A l’époque de la conception du Dewoitine D550/551, la fabrication de la cellule à l’échelle 1 était obligatoire pour permettre d’étudier au mieux la position des appareillages et accessoires, mais aussi le passage des fils électriques, tuyaux hydrauliques, etc. Le pilote d’essai venait souvent donner son avis sur la position des gaz, du manche, du siège, et se familiarisait avec son futur environnement.

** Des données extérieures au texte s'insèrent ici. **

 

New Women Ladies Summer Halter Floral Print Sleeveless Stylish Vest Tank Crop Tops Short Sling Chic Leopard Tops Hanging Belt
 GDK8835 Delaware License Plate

Malgré le confort que nous assurent maintenant les logiciels 3D, nous avons pensé que pour la réalisation d’un tel appareil, il fallait reprendre les techniques de fabrication à l’ancienne. La cellule aménagement en grandeur réelle fait partie de cette philosophie.

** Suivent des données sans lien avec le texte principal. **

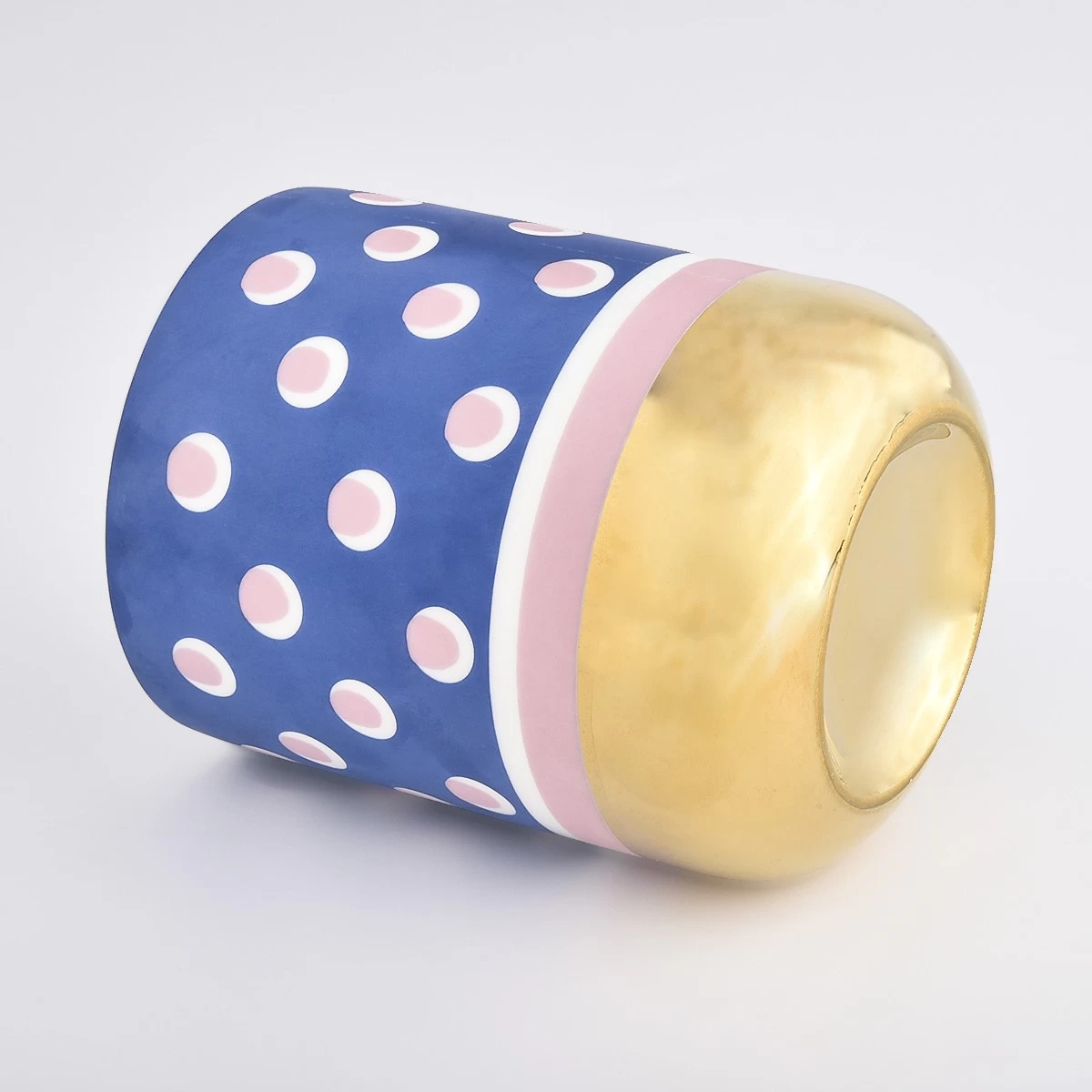 Colorful Ceramic Candle Vessels with Sliver Rim Wholesale - COPY - o73u0c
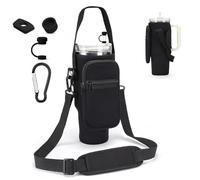 AIROLDI Custodia per Stanley Cup 1,2 l/40 oz Stanley Cup, borsa per l'acqua con scomparto per cellulare, moschettone e tracolla regolabile, per viaggi, escursioni, corsa, ciclismo, colore nero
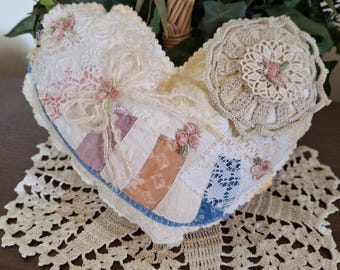 Cutter Quilt HEART ~ Upcycled  QUILT Piece~Small Accent Pillow W/ Special Pocket ~ FREE Shipping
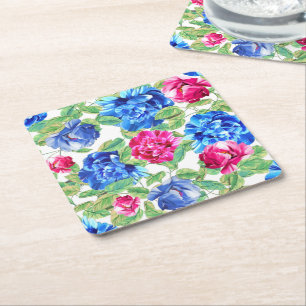 Porta-copo De Papel Quadrado Padrão Floral Bonito Rosa e Azul Vibrante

Marcel Doret en parle dans son livre « Trait d’Union avec le Ciel » , au chapitre « Mon Enfant Chéri » :

Alors que dans l’atelier les pièces métalliques prenaient forme, une maquette en vraie grandeur du fuselage avait été réalisée. Le poste de pilotage y était installé, conformément à ce qu’il allait devenir sur le prototype. Pendant des heures, je me suis assis dans cet habitacle, avec le souci d’en découvrir les moindres défauts.
Je sais combien les pilotes apprécient leur confort à bord. Ils doivent être à mon avis dans les meilleures conditions pour tirer le maximum de leur appareil.

Sa fabrication

L’assemblage du « squelette » complet de la cellule, depuis la cloison pare-feu jusqu’à la dérive, a demandé environ 150 heures de travail, dans le garage d’un membre de Réplic’Air. Petite dérogation à notre démarche artisanale, les cadres ont été découpés sur une machine à commande numérique par la Société TECHPLI. Un support de travail en aluminium, comportant des encoches de positionnement, a grandement facilité le montage. La prochaine étape consistera à recouvrir l’ensemble avec une « peau » en contreplaqué aviation 3 plis de 1,5 mm d’épaisseur, puis à la mise en peinture.